Self-awareness is the bedrock of emotional intelligence, and mindfulness practices improve our self-awareness.
From an evolutionary perspective, the primary role of the human brain is to keep us safe.
Our brain evolved in times where physical or social threats often had life-or-death consequences. When scanning the past or anticipating the future, we developed an 80% negative bias to best avoid harm and support survival, but not necessarily to thrive and become the best version of ourselves.
Despite thousands of years of evolution, our brain still reacts to threats in the same way, even if perceived threats are much less destructive than they were in the past. From tigers and hunger, our modern-day threats now include colleagues ignoring our comments in a meeting, being late to daycare, losing benefits at work, not being able to see family and the like.

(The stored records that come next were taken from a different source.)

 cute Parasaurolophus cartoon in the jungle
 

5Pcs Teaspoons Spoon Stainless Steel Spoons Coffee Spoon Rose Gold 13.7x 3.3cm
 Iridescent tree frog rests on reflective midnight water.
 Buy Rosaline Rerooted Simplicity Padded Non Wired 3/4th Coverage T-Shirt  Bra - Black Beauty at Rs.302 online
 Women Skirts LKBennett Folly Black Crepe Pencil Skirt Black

Our primitive or mammalian brain, called the limbic system, is highly efficient to protect us from perceived threats. It has learnt to either fight, flight or freeze depending on the context and your conditioned responses.

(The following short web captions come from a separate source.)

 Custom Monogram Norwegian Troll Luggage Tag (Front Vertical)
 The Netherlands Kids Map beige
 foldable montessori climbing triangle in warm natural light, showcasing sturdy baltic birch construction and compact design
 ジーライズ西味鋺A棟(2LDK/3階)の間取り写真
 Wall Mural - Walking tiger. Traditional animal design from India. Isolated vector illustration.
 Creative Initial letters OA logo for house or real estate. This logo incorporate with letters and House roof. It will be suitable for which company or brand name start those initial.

When we feel threatened, the mammalian brain kicks in, often with inappropriate, self-preservation reactions that we later regret as they alleviate the short term discomfort or generate an immediate reward, but do not necessarily take into consideration what is most important to us in time or align to our deepest values.
Rather, the brain is wired with these learnt behaviours from the past and will often repeat them again and again, just because they feel most natural to us, even if they no longer serve us.